If the claim describes that selected structure with mathematics, use E.18.2.
If the claim evaluates the mathematical lens use, use C.29 with an E.18.2 reference.
If the claim publishes a view, diagram, card, table, or equation face, use E.17 and the governing view or architecture-description pattern.

    The same source may require several records. A refrigerator principle scheme may include a publication face, a functional-architecture view, a selected TransformationFlowStructure, a thermodynamic mechanism claim, and a mathematical graph or equation description. E.18.2 writes only the mathematical-description relation. If the same expression is also used as a mathematical lens for world-side adequacy, C.29 governs the lens-use adequacy; if it is only a published face, E.17 governs publication use.

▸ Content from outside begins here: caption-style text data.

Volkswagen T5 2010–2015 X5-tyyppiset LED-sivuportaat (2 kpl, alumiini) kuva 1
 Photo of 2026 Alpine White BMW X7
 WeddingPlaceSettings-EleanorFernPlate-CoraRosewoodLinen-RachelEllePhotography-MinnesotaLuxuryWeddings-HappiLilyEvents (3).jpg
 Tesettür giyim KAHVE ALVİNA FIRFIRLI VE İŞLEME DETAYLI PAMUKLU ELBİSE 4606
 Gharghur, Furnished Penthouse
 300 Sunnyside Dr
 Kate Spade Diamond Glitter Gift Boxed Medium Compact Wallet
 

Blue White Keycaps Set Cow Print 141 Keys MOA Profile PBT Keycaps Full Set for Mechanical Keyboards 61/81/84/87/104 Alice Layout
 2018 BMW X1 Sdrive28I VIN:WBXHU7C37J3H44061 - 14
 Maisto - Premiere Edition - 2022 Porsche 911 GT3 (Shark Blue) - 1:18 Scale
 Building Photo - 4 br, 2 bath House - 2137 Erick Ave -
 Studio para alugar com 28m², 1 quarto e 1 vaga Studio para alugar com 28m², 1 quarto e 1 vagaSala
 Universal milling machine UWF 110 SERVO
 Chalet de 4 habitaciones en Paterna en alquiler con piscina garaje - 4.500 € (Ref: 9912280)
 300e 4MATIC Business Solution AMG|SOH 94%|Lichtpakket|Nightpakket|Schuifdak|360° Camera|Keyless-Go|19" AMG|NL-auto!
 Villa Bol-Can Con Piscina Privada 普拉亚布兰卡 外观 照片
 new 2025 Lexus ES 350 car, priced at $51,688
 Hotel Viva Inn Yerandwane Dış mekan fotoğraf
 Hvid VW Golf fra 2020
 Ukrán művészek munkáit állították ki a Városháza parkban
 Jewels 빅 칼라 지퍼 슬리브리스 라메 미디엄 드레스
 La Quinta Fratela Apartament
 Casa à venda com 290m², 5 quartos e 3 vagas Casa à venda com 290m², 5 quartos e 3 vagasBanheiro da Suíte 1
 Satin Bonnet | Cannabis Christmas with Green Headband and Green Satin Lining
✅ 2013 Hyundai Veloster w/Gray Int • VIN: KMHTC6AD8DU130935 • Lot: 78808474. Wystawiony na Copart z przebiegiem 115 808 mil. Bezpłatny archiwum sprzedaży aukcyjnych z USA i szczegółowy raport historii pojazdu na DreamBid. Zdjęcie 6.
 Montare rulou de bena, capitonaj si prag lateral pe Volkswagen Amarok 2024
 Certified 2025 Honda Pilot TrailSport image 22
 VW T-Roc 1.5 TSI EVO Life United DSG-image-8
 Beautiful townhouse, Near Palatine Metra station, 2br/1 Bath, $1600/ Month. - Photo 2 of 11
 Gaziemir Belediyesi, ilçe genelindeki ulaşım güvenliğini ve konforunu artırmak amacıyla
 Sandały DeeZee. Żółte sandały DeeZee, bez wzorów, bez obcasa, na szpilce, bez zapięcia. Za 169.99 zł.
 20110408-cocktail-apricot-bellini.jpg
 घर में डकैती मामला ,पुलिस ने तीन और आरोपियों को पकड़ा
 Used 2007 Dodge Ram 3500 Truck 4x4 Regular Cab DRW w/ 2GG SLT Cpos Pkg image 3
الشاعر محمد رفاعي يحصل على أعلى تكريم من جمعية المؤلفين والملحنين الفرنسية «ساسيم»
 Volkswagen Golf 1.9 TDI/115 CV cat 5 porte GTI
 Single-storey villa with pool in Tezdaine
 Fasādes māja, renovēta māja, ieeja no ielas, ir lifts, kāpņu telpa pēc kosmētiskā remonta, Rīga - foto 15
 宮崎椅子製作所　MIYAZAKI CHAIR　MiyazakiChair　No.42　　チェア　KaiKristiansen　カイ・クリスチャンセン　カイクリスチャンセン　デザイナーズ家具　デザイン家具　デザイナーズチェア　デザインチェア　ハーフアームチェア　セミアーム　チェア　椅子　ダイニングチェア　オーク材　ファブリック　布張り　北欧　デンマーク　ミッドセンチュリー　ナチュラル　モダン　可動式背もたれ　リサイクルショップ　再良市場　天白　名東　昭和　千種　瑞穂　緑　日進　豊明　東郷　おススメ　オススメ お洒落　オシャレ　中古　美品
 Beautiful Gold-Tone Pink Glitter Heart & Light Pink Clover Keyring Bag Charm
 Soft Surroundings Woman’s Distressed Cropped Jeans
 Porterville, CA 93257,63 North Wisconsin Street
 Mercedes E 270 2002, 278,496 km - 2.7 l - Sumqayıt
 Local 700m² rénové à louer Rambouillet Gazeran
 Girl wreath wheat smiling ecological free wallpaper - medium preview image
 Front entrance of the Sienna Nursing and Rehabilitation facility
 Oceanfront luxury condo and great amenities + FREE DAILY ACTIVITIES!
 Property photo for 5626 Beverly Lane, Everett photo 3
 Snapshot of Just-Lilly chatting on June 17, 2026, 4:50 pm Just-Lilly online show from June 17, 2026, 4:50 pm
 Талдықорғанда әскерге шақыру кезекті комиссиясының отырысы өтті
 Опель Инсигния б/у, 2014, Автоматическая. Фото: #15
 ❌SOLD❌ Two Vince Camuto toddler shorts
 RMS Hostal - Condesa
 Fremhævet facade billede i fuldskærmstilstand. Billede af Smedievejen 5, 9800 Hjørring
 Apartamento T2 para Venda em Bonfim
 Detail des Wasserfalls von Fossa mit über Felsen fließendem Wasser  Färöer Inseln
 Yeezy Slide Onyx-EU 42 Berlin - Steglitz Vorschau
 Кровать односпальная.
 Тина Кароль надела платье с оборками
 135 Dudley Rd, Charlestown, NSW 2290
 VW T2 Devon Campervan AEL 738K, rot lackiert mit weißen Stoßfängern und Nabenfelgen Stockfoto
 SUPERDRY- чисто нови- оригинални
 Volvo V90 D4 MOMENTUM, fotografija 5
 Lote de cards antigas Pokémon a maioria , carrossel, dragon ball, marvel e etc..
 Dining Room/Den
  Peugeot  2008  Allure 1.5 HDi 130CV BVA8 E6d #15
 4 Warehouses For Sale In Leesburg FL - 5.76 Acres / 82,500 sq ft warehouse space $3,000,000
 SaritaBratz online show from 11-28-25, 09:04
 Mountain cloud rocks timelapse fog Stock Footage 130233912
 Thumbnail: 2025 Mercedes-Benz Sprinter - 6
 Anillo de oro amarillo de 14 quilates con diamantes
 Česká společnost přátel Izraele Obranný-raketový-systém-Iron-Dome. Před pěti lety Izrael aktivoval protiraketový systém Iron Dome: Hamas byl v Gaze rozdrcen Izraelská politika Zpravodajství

    E.18.2 does not carry authority for related governed claims. Use the direct governing pattern when the current claim is:

    Current claimUse
    one bounded change under conditionsA.3.4
    selected compound structure, flow valuation, path, slice, crossing, or refresh locusE.18
    mathematical-lens adequacy, preserved/lost structure, payoff, or stop conditionC.29
    method, method description, mechanism, signature, work plan, or performed workA.3.1, A.3.2, A.6.1, A.6.0, A.15.2, or A.15.1
    evidence, assurance, gate, release, or decisionA.10, B.3, A.20, A.21, or C.11
    architecture, structural view, functional structure, module interface, or reusable-structure claimC.30, C.30.ASV, A.6.F, A.6.M, or C.31
    publication face or publication useE.17 or E.17.EFP

    Worked slices

    Refrigerator principle scheme. A vapor-compression diagram can be a publication face. The cooling cycle can be a selected TransformationFlowStructure. The thermodynamic laws are mechanism or formal-substrate claims. The graph or equation set that describes the cycle is an E.18.2 mathematical description. It may preserve transformation order, heat-transfer constraints, and cycle closure while losing maintenance work, sensor uncertainty, and installation context. It does not prove the refrigerator works or authorize a repair.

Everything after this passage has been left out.